Past event

In Person SEES Seminar --- Dr. Frances Cooper, University College London Title - The role of exhumation in generating high-grade copper deposits: Insights from the Central Andes

Abstract: Copper (Cu) is a vital part of the global effort to transition away from fossil fuels towards a greener, low-carbon economy. It is an essential component of most clean energy technologies, from wind turbines and solar panels to electric vehicles and energy storage. Today, 75% of the world's Cu is mined from porphyry Cu deposits (PCDs), which are metal-rich magmatic-hydrothermal systems typically associated with subduction zones. However, there are two problems: (1) finding these deposits is becoming increasingly difficult because most of the “easy” ones on the surface have already been discovered; and (2) they are notoriously low-grade (≲1% Cu), meaning that huge amounts of rock must be removed to retrieve a tiny amount of Cu. This. Means that, as the global demand for Cu continues to grow, mining companies not only need to look for more elusive, buried deposits but also those that will have the least environmental impact. To achieve this requires finding regions that are likely to host the most Cu-rich (highest-grade) deposits, which minimise the amount of extraction required.

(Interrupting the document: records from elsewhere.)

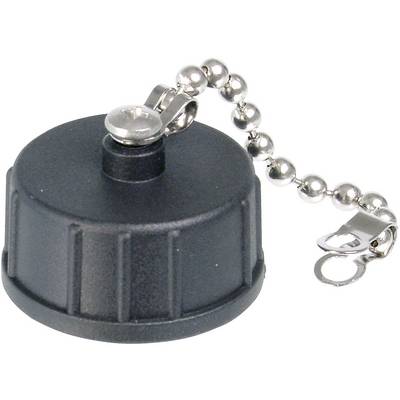 A black plastic threaded lid attached to a metallic ball chain with a holder at the top.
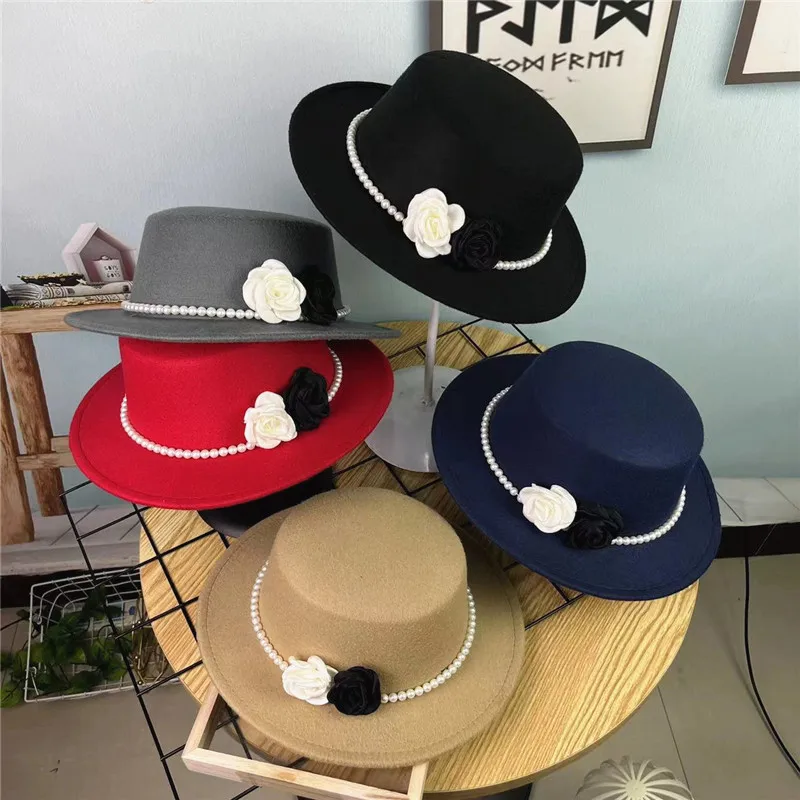 Fashion Solid Color Classic Black Elastic Fedora Hat Ladies Wool Felt Jazz Hats Elegant Girls Women Wide Brim Panama Trilby Cap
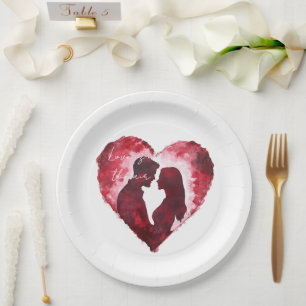 Romantic Love Heart Wedding Paper Plate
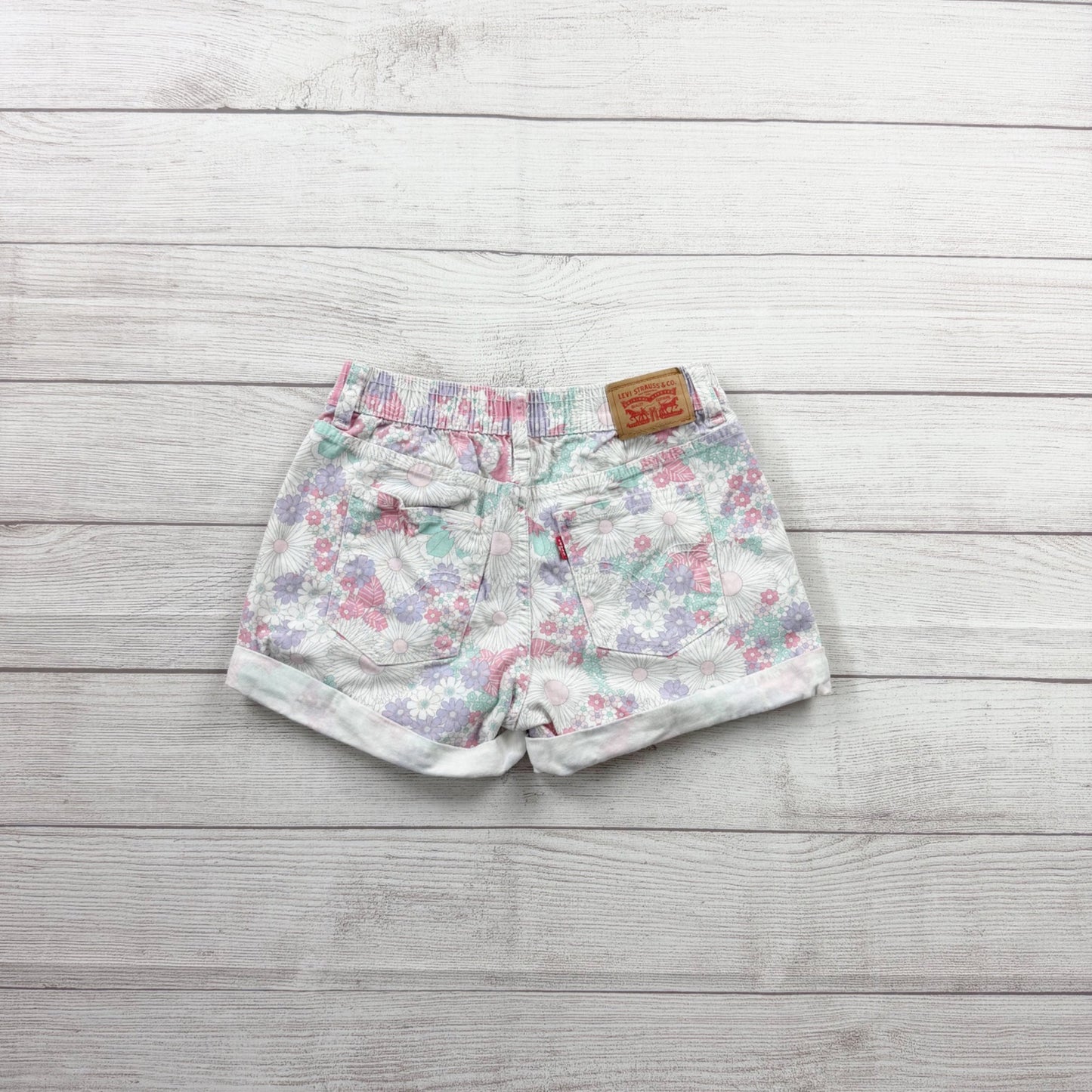 Levi’s Girls High Rise Denim Shorts Floral Print Cuffed Jean Shorts Pastel 12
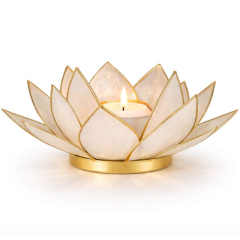 Lotus Teelichthalter Weiss-Gold – Capiz-Design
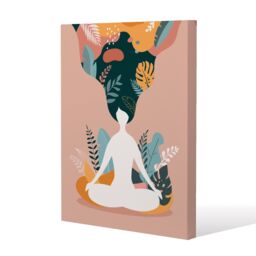 Benjamin Tate Design mindfulness, meditation & yoga Woman (Canvas Print) / 101 x 77 x 4cm in Natural - Size: 101 x 77 x 4 cm - thumbnail 1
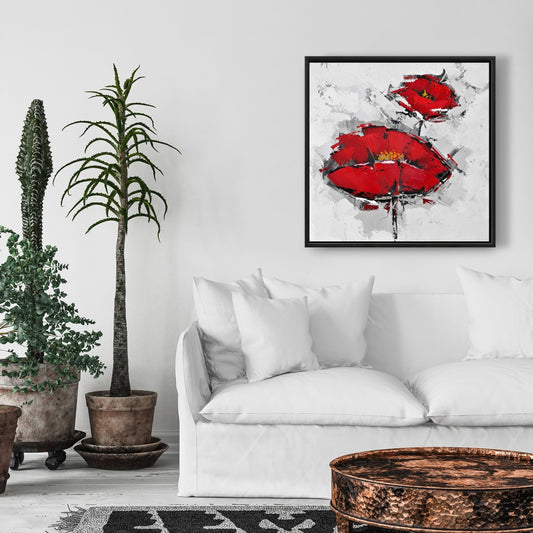 Toile texturée de coquelicots rouges | Décoration florale encadrée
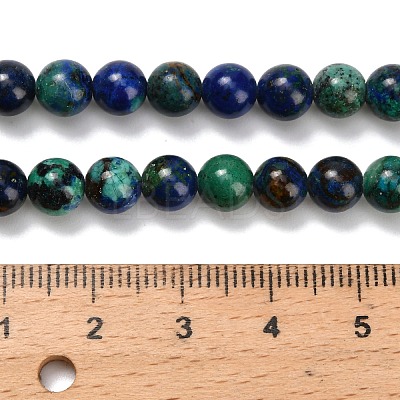 Natural Azurite Beads Strands G-Z110-C02-6mm-1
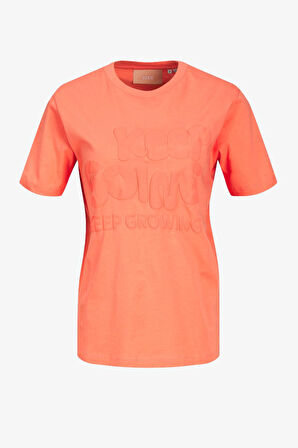 JJXX Jxpriya Kadın Turuncu T-Shirt 12251997-PeachEcho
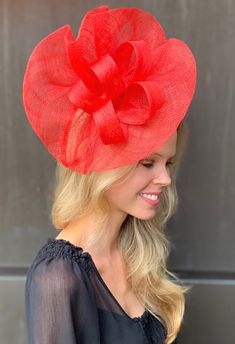 $61 USD theheadwearboutique.com-Tia Large Bright Red Derby Fascinator, Kentucky Derby Hat Red, Spring Racing Fashion 2019, Royal Wedding Fascinator – The Headwear Boutique Red Structured Crown Hat For Weddings, Chic Kentucky Derby Headband Hat, Red Structured Crown Costume Hat For Wedding, Red Structured Crown Headpiece For Wedding, Red Mini Hat For Kentucky Derby Races, Red Fascinator For Spring Events, Red Structured Crown Hat For Evening, Kentucky Derby Headband Hat, Red Structured Crown Headpiece For Party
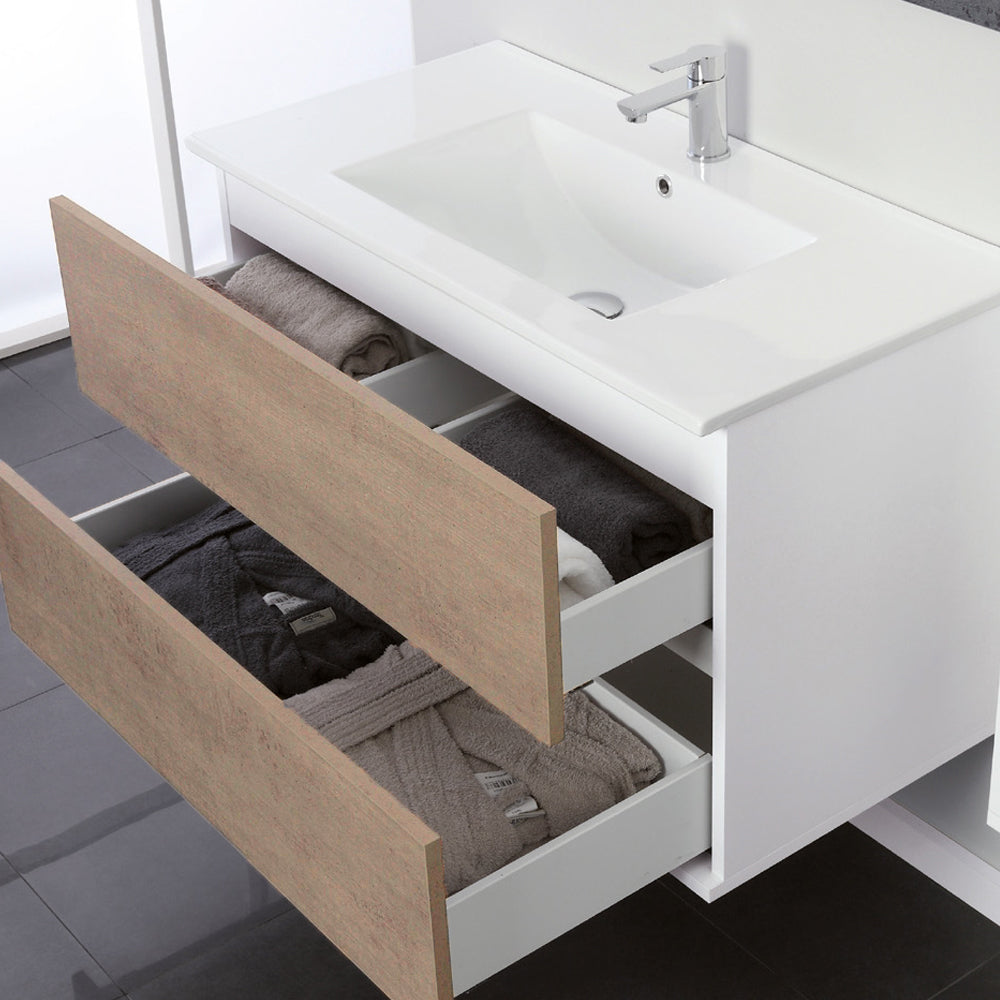 Composizione bagno sospesa Favola con lavabo e specchio cm 90 Bianco-Rovere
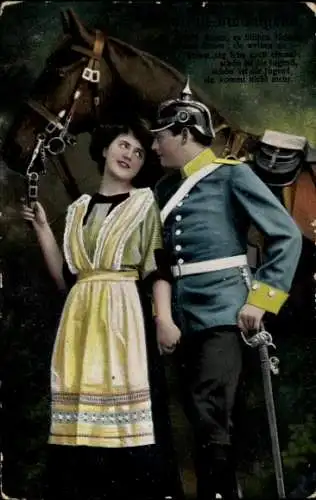 Ak Schön ist die Jugend, Soldatenliebe, Pferd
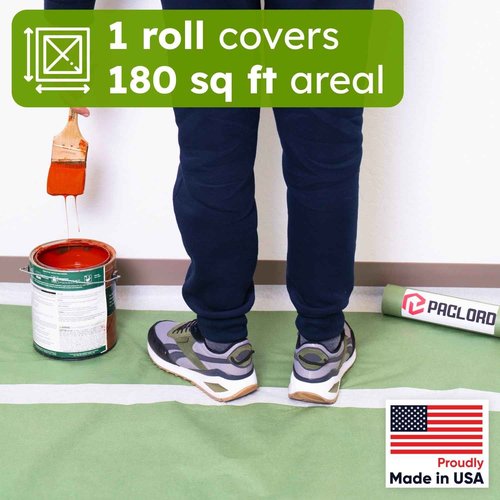 Paclord 12" x 60 Yards (180 feet) Green Masking Paper with Extra Oil Protection for Automotive Painting Industries (Pack of 12) - Made in USA Masking Paper for Painting Cars, Protection from Splatter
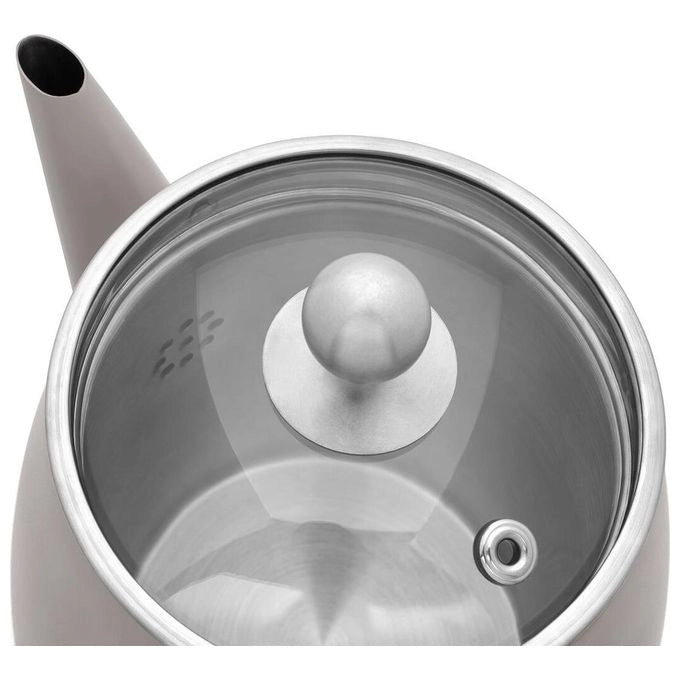Bredemeijer 111016 Duet Eva Teiera singola 1100 ml Acciaio Inox 304 Doppia Parete con Filtro Beccuccio Antigoccia Maniglia Ergonomica colore Grigio Beton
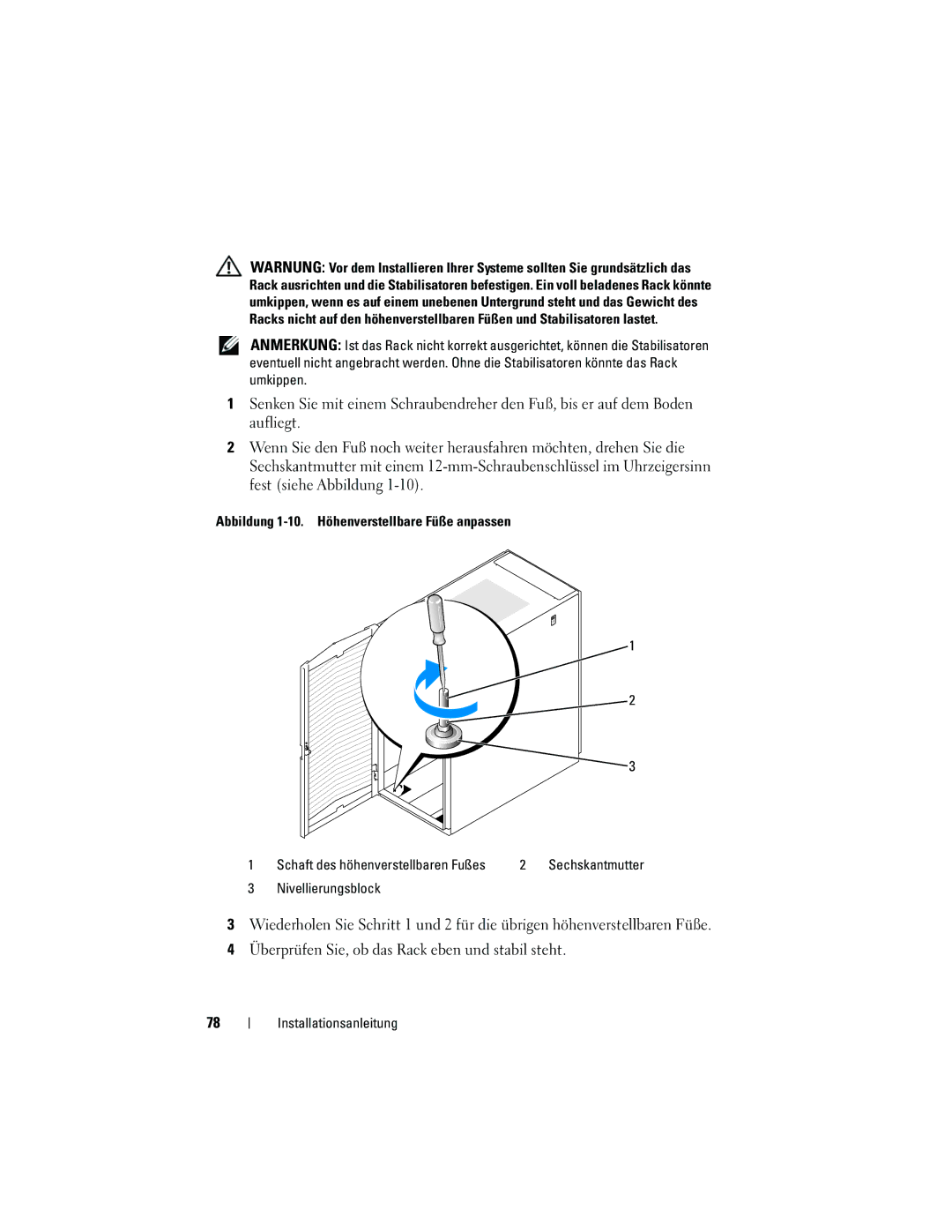 Dell 2420 manual Abbildung 1-10. Höhenverstellbare Füße anpassen 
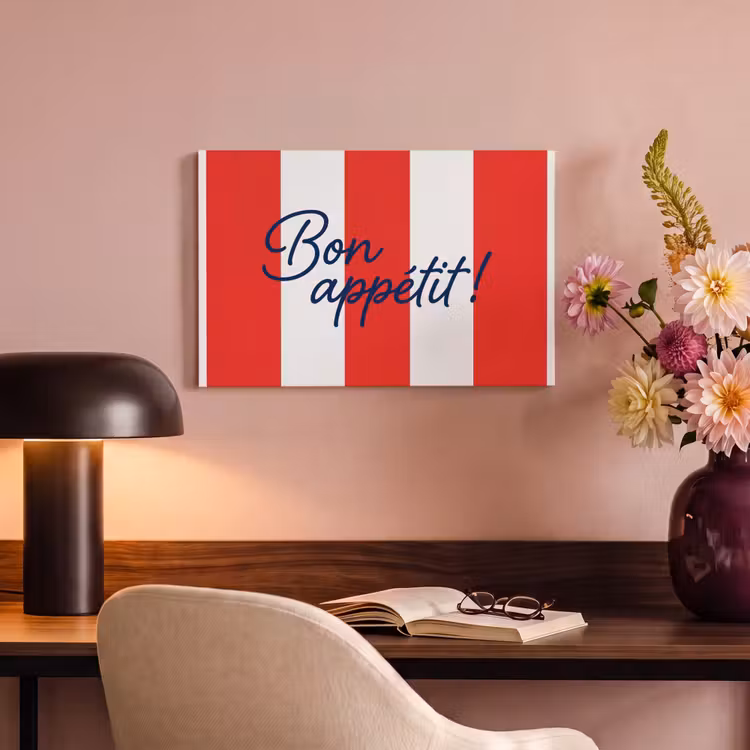 Eten - Spreuk - Keuken - Grafisch - Rood-Wit canvas 2cm klein -sfeer4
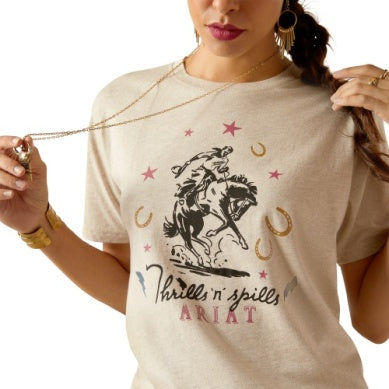 Ariat Womens Thrills & Spills Short Sleeve Tee Oatmeal Heather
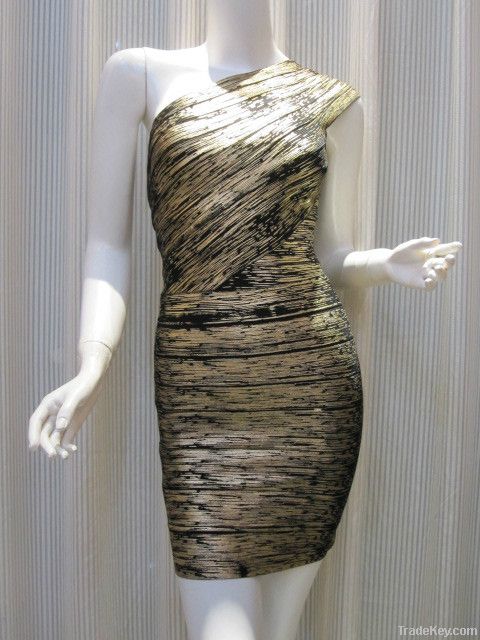 Oil Printed Bandage Dresses (HL)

I suggest that the exhumation history of a PCD plays a critical role in determining its Cu grade and can be used to help narrow down search space. During the initial formation of a PCD, rapid exhumation is needed to advect magmatic heat and metal-carrying fluids into the shallow crust. Exhumation must then slow down so the deposit has time to linger close to the surface where it can be enriched via leaching and reprecipitation of the Cu by meteoric water. During this time, it is not only essential that the climate is wet enough to drive enrichment but also that the deposit is not buried beneath cover rocks that might inhibit the process. I present an example from the Middle Eocene-Early Oligocene copper belt in northern Chile, which hosts some of the world's premier PCDs, but seems to disappear towards the border with Peru. Could there be (potentially lucrative!) buried deposits there or were conditions never conducive for them to form in the first place? By combining U-Pb geochronology, Al-in-hornblende geobarometry, and low-temperature thermochronology to track exhumation histories, we show that this apparent disappearance is due to excessively high exhumation rates followed by burial beneath a large ignimbrite, which left little or no time for enrichment to occur.